ギミック自体は攻略方法が決まっていますし、事前に情報を集めていないとそもそも話が進まないので、解答方法が分かりやすく決まっています。現地でしか分からないようなギミックはほぼ無いです。全部予習してから向かいます。
ここが相まって飛び出す絵本のイメージになってしまっています。
漫画ではやりづらい分岐表現を、あえてゲーム内で動きを持たせて表現したといった感じですね。

QTE、いる?

ADVであんまりアクション難易度高くしちゃうといけないという鋼の意思を感じましたが、このゲームにはところどころQTEがあります。

クイックタイムイベント は、コンピュータゲームの用語。画面上に指示が出た直後にプレイヤーがアクションを起こし、その成否で展開が変化する方法。頭文字をとって「QTE」とも表記される。
クイックタイムイベント - Wikipedia

要は反射神経でキー入力をしないと失敗して、評価が下がりますよ~というシステムなんですけど、これがあるおかげでADVなのにスキップが出来ません。
僕はADVをプレイしなおす事ってあまり無くて、一度しかやらない腹積もりだったんですけど、このゲームにはシナリオごとにヒーローゲージというプレイ評価があります。
更に、この評価が高くないとサブストーリー(各人物の前日譚やその人物視点の話など。
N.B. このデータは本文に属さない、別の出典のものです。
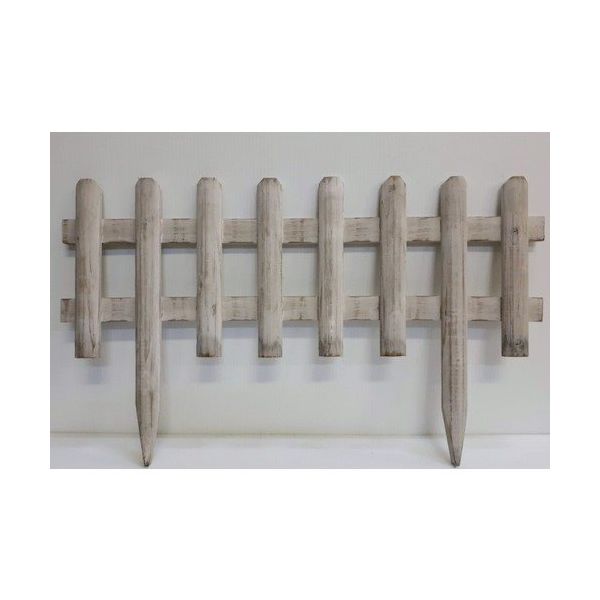 加藤伝蔵商店 伝蔵 アンティークミニフェンス W60×H35 G314 1セット(12枚) 428-9121（直送品）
これ読まないとストーリーの理解度が落ちるぐらい重要)が解放されません。
すなわちどういうことかというと、初見で全てのシナリオにS評価を得るのは極めて難しいので、ADVなのに周回要素があるという事です。
よって、スキップしてガンガン進めたいのですが、QTEやアクションパートの存在がそれを邪魔する、といった何とも言い難いジレンマを抱えています。
どうですかね。QTEいる?
なんなら、評価システムいる?

色々問題点はあるが、新規タイトルでは良作

ストーリーは間違いなく良いものです。
それ現実的に考えたらおかしくね!?みたいな事はあるのですが、少年誌の漫画ってそのぐらいの熱量で進みますし。
個人的には楽しませていただきました。
コーエーテクモと任天堂がタッグを組んで新規タイトルを開発するのが珍しい試みという事もあり、第一弾としては悪くない作品だったのではないでしょうか。

もし次回作があれば、楽しみにしたいと思います。